Bug #21290 Alter database charset ... failed
Submitted: 26 Jul 2006 7:51 Modified: 24 Aug 2006 17:10
Reporter: KimSeong Loh (Candidate Quality Contributor) Email Updates:
Status: Not a Bug Impact on me:
None 
Category:MySQL Server: Parser Severity:S3 (Non-critical)
Version:4.1 and 5.0 OS:Windows (windows)
Assigned to: Marc ALFF CPU Architecture:Any
Tags: alter database, charset

[26 Jul 2006 7:51] KimSeong Loh
Description:
Alter database charset utf8  failed while
Alter database character set utf8   works fine

The reason is that the database name is not provided and it will use alter the default database, and charset is not a reserved word, so it is treated as the database name instead of the keyword charset to change the character set.

How to repeat:
mysql> use test;
Database changed
mysql> alter database charset utf8;
ERROR 1064 (42000): You have an error in your SQL syntax; check the manual that
corresponds to your MySQL server version for the right syntax to use near 'utf8'
 at line 1

mysql> alter database character set utf8;
Query OK, 1 row affected (0.00 sec)

mysql> alter database test charset utf8;
Query OK, 1 row affected (0.00 sec)
[26 Jul 2006 12:45] MySQL Verification Team
Thank you for the bug report. In the chapter:

http://dev.mysql.com/doc/refman/5.0/en/alter-database.html

stands that the alter_specification is:

[DEFAULT] CHARACTER SET charset_name

and the database name can be omitted, but the syntax:

alter database charset utf8;

isn't mentioned there and in this case the database name should be
used. Changing to Documentation bug.
[26 Jul 2006 13:43] Stefan Hinz
I cannot see why this should be a bug. "ALTER DATABASE <dbname> UTF8" is wrong syntax, no matter what <dbname> is used, or if it's omitted. "ALTER DATABASE charset CHARACTER SET UTF8" works, just as written in the docs. Closing.
[26 Jul 2006 14:04] KimSeong Loh
Note that 
ALTER DATABASE <dbname> CHARSET utf8   works fine, so I assume CHARSET can be used as a synonym for CHARACTER SET, even though it is not documented explicitly. The synonym is documented in the CREATE TABLE syntax.

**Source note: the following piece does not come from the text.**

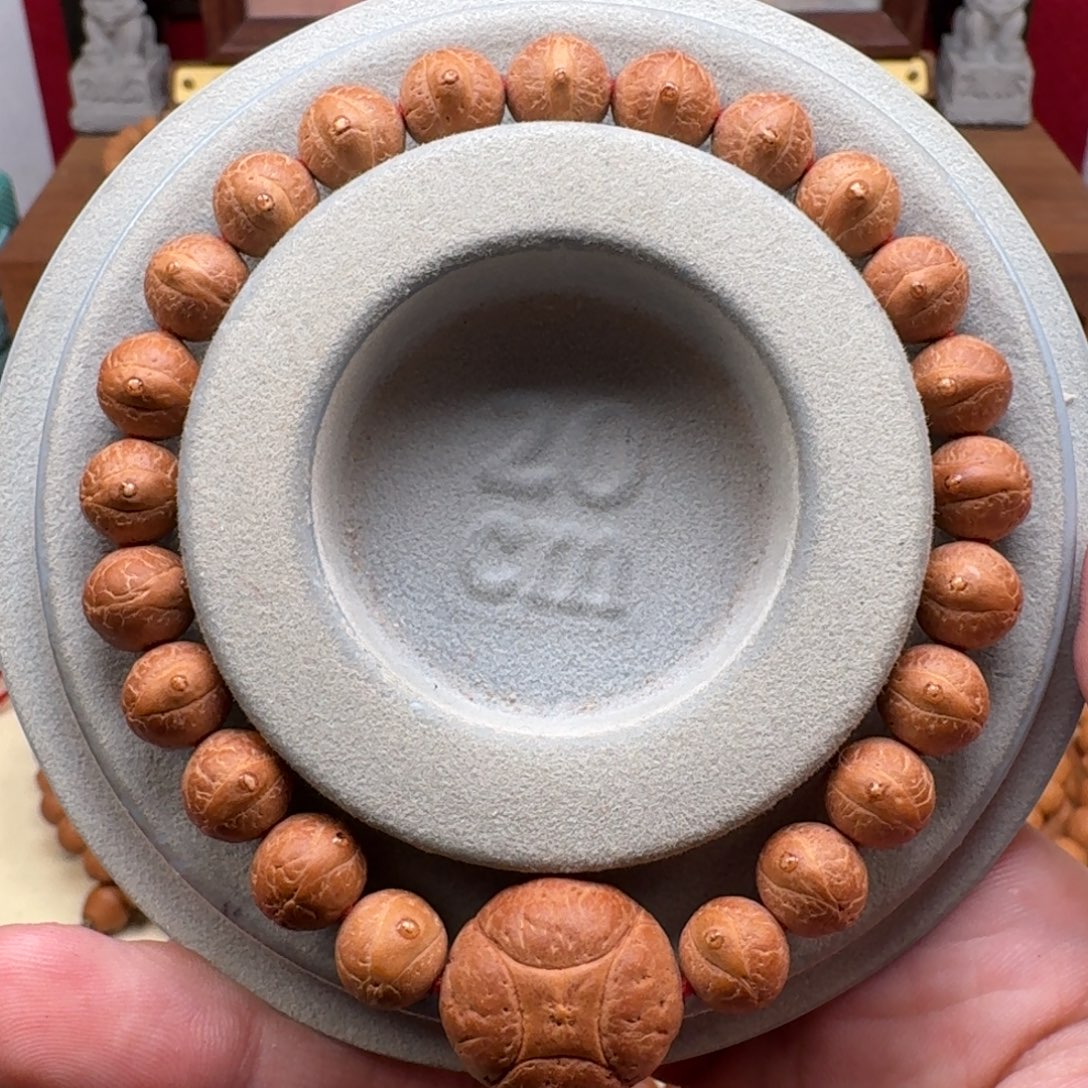 浪***。凤眼菩提吊坠9.5尺寸言澈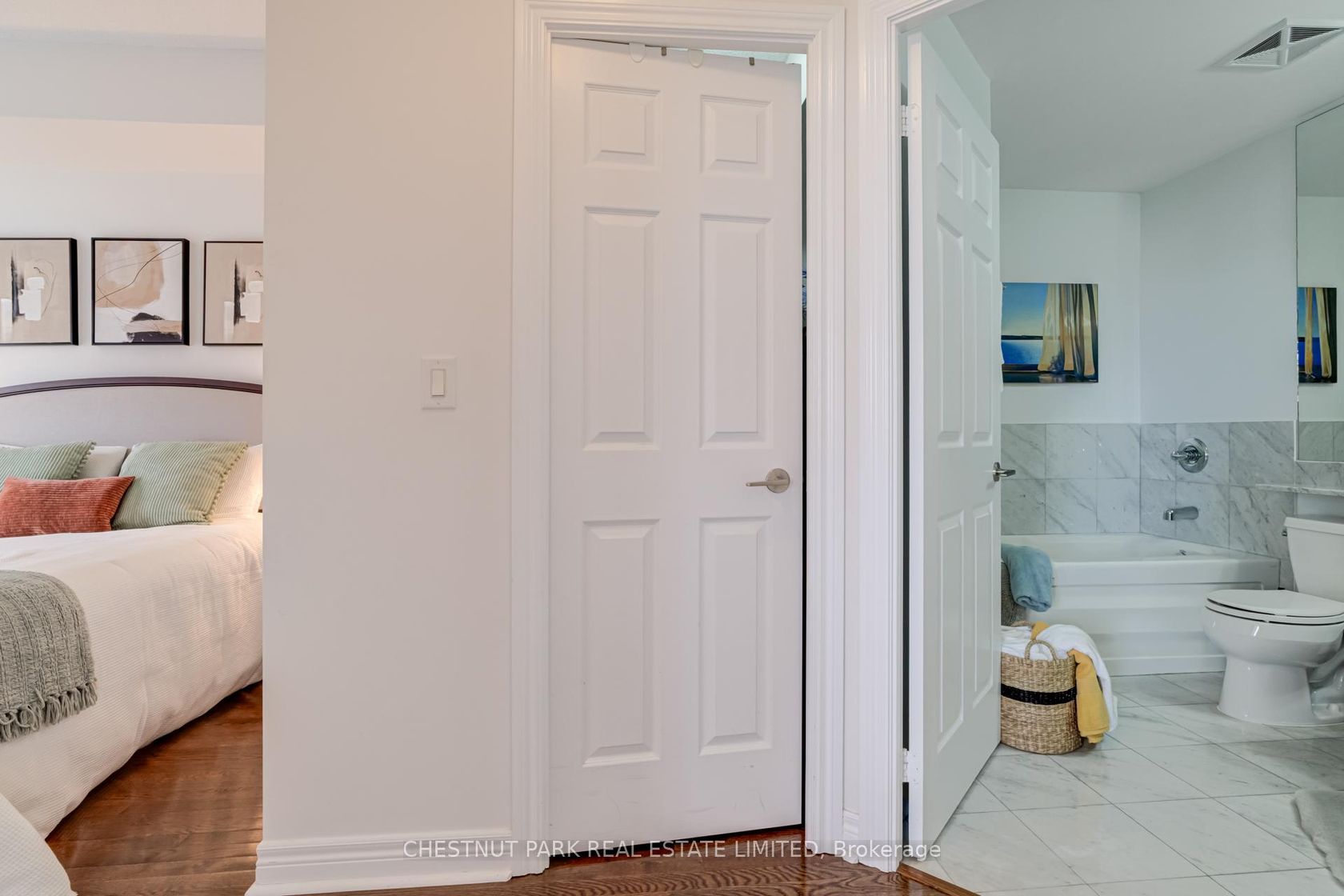 Photo 9 at 1711 - 736 Spadina Avenue, University, Toronto Photo 9 at 1711 - 736 Spadina Avenue, University, Toronto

http://dev.mysql.com/doc/refman/5.0/en/alter-database.html
And the doc mention that <dbname> can be omitted and it will change the default database, therefore,
ALTER DATABASE CHARACTER SET utf8   works and change the current database
However,
ALTER DATABASE CHARSET utf8    does not work, and treats CHARSET as the database name. So, the synonym does not work when the <dbname> is omitted. My guess is that CHARSET is not a reserved word, therefore it is treated as the database name instead of a synonym to CHARACTER SET, while CHARACTER is a reserved word.
[27 Jul 2006 8:00] Stefan Hinz
Sorry for closing this bug in the first place. Yes, it's a bug, because CHARSET is a synonynom for CHARACTER SET. But it's not a documentation bug, but rather a parser bug. Changing back to Open, and changing the category to Server:Parser.
[24 Aug 2006 17:10] Marc ALFF
After investigating further, please find here the result of the analysis. 

'CHARACTER' is a SQL reserved keyword.
'SET' is a SQL reserved keyword.
The official SQL syntax for character sets is 'CHARACTER' 'SET'.

MySQL also uses an alternate syntax, by introducing the 'CHARSET' keyword.
However, 'CHARSET' is *not* a *reserved* keyword,
meaning it can also be used to name objects (databases, tables, etc).

In *most* but not *all* cases, MySQL accepts the 'CHARSET' notation in place of
'CHARACTER' 'SET', as this has some limitations.

The limitations are apparent when 'CHARSET' can be interpreted
as the name of an object, which is what the parser does when reading :

alter database charset ...

While naming a database 'CHARSET' is certainly not recommended,
it's legal, and the parser is making the correct choice here.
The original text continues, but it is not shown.